V100 SXM2 Homelab: 64GB NVLink VRAM for $1,100

What This Is

A detailed reference document for building a local LLM inference homelab using NVIDIA V100 SXM2 GPUs. The guide focuses on achieving cost-effective, high-bandwidth GPU pooling through reverse-engineered NVLink hardware.

Key Hardware: The 1CATai TECH Board

The core component is a custom quad-GPU adapter board from Chinese company 1CATai TECH (一猫之下科技). The board, model TAQ-SXM2-4P5A5, implements NVIDIA's NVLink 2.0 signaling to create a real NVLink mesh across four V100 SXM2 modules.
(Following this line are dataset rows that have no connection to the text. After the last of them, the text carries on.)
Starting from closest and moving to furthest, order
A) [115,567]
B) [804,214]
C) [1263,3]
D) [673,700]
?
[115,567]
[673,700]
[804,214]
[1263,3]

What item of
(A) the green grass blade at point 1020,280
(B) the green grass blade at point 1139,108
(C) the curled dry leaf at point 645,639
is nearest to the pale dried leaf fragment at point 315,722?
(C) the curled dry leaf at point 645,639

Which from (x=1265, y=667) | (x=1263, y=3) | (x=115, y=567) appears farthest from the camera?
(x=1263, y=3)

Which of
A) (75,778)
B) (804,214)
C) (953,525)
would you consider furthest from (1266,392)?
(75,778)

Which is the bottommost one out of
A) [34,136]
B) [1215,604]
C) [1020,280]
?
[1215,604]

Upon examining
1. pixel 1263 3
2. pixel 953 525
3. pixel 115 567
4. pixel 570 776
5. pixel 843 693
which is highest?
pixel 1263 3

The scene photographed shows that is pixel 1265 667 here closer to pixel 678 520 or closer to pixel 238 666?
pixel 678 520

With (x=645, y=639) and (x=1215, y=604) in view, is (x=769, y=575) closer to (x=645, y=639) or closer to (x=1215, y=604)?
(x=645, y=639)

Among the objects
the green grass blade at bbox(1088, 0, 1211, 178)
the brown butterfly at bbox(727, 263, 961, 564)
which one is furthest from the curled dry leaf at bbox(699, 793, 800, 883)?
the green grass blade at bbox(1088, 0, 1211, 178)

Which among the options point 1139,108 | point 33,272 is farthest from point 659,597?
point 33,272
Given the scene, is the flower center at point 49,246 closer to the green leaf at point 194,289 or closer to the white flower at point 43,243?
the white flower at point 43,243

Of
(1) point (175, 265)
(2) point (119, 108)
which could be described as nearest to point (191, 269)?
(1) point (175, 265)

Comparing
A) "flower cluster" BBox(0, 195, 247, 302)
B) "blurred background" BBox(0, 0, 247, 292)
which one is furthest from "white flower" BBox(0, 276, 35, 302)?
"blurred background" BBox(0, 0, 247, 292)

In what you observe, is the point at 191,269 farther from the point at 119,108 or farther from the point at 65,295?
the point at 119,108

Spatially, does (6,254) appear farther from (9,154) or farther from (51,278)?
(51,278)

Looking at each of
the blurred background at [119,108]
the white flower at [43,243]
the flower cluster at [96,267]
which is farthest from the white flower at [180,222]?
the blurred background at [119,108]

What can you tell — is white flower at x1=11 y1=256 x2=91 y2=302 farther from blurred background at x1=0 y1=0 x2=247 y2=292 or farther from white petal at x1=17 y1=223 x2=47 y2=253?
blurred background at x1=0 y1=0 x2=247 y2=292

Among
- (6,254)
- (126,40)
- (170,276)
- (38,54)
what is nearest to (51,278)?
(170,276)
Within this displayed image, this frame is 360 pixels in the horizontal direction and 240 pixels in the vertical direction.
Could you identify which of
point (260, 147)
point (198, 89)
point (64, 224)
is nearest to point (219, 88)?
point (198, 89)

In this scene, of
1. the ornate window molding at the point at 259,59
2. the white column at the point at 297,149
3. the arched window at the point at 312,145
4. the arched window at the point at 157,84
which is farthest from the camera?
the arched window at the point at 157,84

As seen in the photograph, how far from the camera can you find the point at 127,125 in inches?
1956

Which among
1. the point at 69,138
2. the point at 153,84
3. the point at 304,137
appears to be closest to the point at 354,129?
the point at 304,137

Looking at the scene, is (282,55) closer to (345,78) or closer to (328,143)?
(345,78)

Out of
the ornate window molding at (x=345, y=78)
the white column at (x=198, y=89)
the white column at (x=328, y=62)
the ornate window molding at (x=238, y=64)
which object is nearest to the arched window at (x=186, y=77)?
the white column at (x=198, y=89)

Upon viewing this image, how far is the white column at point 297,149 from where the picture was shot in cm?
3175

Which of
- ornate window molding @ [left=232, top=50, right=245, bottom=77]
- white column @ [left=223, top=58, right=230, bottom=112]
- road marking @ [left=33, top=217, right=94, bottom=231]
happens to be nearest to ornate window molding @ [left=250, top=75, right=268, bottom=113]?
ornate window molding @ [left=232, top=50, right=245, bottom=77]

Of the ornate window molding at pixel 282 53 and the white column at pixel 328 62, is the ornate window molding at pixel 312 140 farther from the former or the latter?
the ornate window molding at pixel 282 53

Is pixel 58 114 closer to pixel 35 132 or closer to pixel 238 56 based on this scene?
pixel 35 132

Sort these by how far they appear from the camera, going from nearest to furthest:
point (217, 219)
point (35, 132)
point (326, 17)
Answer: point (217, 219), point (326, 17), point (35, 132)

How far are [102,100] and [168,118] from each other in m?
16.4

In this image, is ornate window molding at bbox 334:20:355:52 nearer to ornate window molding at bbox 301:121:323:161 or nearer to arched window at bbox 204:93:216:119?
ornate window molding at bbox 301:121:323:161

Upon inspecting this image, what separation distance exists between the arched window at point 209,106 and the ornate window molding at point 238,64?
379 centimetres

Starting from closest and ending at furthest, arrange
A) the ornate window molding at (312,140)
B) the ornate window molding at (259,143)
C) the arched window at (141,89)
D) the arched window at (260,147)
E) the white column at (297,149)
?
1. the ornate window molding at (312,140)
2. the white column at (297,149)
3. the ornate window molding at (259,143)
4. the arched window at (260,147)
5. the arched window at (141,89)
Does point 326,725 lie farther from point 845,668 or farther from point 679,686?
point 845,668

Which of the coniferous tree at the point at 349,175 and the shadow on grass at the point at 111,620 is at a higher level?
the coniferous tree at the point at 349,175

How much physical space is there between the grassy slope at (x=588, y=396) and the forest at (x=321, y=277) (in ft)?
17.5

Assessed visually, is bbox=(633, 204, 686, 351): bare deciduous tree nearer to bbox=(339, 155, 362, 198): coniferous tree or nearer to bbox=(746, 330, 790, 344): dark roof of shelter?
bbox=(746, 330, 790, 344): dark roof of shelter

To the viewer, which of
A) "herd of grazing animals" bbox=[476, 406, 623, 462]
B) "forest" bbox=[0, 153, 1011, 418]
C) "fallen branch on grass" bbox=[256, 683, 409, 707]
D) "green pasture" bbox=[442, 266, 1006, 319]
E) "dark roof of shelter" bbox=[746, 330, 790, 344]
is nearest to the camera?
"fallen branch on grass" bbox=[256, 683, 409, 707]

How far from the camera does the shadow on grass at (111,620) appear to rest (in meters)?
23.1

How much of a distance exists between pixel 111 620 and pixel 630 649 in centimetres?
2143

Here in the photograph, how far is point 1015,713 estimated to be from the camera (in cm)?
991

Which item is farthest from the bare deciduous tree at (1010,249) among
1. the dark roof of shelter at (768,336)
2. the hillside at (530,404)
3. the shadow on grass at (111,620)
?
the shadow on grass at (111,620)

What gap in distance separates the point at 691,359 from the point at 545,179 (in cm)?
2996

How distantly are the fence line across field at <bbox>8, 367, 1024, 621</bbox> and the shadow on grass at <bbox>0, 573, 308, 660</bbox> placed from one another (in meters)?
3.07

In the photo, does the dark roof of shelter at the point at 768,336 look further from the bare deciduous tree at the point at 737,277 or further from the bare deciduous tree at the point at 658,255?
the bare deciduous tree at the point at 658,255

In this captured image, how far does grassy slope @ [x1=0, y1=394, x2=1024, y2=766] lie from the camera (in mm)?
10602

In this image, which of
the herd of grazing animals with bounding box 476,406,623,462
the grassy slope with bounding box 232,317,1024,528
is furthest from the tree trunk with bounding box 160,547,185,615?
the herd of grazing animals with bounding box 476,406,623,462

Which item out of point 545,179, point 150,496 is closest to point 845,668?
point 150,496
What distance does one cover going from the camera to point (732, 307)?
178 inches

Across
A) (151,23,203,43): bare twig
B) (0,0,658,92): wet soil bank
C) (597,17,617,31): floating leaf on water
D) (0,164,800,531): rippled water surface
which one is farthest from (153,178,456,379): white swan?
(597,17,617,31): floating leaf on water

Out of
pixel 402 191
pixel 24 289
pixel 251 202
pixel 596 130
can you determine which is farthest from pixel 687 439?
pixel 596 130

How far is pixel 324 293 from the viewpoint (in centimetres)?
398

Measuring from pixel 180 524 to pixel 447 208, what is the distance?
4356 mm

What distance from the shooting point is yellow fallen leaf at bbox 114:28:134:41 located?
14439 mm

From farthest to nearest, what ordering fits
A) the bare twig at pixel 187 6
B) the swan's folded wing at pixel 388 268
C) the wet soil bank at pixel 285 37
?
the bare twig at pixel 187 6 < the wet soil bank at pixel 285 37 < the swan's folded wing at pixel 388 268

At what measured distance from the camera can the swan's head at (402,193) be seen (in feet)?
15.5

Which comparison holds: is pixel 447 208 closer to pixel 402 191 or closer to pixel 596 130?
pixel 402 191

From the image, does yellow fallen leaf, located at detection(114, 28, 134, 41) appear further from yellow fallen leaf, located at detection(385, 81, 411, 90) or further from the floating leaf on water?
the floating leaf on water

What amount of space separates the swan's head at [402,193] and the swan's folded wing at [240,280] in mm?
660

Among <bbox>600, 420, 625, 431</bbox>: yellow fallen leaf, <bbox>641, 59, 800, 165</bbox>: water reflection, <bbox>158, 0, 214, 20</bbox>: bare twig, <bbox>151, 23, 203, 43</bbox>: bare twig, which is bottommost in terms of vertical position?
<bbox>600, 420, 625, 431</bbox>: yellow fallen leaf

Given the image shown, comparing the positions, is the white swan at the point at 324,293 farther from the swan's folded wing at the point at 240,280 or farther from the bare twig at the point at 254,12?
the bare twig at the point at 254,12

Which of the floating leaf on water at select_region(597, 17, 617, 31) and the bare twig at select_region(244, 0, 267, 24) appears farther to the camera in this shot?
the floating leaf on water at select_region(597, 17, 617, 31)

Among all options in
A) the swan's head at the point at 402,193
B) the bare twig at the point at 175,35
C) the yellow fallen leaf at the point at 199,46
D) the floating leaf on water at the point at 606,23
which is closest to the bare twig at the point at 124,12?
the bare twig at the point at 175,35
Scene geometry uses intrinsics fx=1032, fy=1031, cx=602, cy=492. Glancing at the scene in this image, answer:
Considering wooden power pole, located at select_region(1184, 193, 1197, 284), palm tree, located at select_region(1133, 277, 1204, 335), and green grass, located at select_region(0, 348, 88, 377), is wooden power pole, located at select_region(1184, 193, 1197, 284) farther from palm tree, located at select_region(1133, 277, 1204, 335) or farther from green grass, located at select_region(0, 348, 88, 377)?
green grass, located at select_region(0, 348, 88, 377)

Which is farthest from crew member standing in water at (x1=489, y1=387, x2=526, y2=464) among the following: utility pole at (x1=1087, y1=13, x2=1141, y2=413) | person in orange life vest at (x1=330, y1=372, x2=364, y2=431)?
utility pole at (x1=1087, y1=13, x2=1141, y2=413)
This provides approximately 300 GB/s bidirectional interconnect per pair, enabling effective tensor parallelism.

A complete quad board setup with 4x V100 SXM2 16GB modules, a PLX8749 IO card, cables, and cooling costs about $1,000-1,200 total, yielding 64GB of NVLink-unified VRAM. Individual V100 16GB modules currently cost $56-99 each.

What It's Not: Common Misconceptions

It's not "one big GPU." nvidia-smi shows four separate GPUs.
NVLink makes tensor parallelism fast enough to feel seamless, but requires software that supports TP (vLLM, llama.cpp, Ollama all work).
It's not automatic unified memory. Two quad boards are two separate NVLink islands connected by PCIe, creating a 20x bandwidth cliff between boards.
The Supermicro AOM-SXM2 has NO NVLink—it's just a carrier board.
The ~900 GB/s number is HBM2 bandwidth per card, not NVLink bandwidth. NVLink 2.0 is ~300 GB/s bidirectional per pair.

Why V100 SXM2 Specifically

900 GB/s HBM2 bandwidth per card with NVLink 2.0 on the SXM2 form factor.
Modules are physically identical across platforms (Supermicro 4029GP-TVRT, Inspur NF5288M5, Dell C4140, DGX-2).
Supercomputer decommissionings (Summit, Sierra) have flooded the secondary market, driving prices down.

MoE Model Advantage

While dense 70B models at Q4 might run at 20-30 tok/s on a single quad board, Mixture of Experts (MoE) models like DeepSeek V3.2 (~685B total, ~37B active per token) decouple storage requirements from inference bandwidth. V100s with massive HBM2 bandwidth and NVLink pools are ideal for this architecture.

120V Server Discovery

The Supermicro 4029GP-TVRT is an 8-way V100 SXM2 server with full NVLink cube mesh (same topology as DGX-1). It has wide-input PSUs accepting 100-240V and ships with standard US wall plugs. At 120V, PSUs derate to ~1,100W each. With V100s power-limited to 150W via nvidia-smi, total system draw is ~1,700W against ~4,400W available capacity—manageable on two standard 15A circuits. This provides 128GB of 8-way NVLink VRAM on residential power. Used units (8x V100 32GB, dual Xeon Gold, 128GB RAM) have been found on eBay for under $1,000.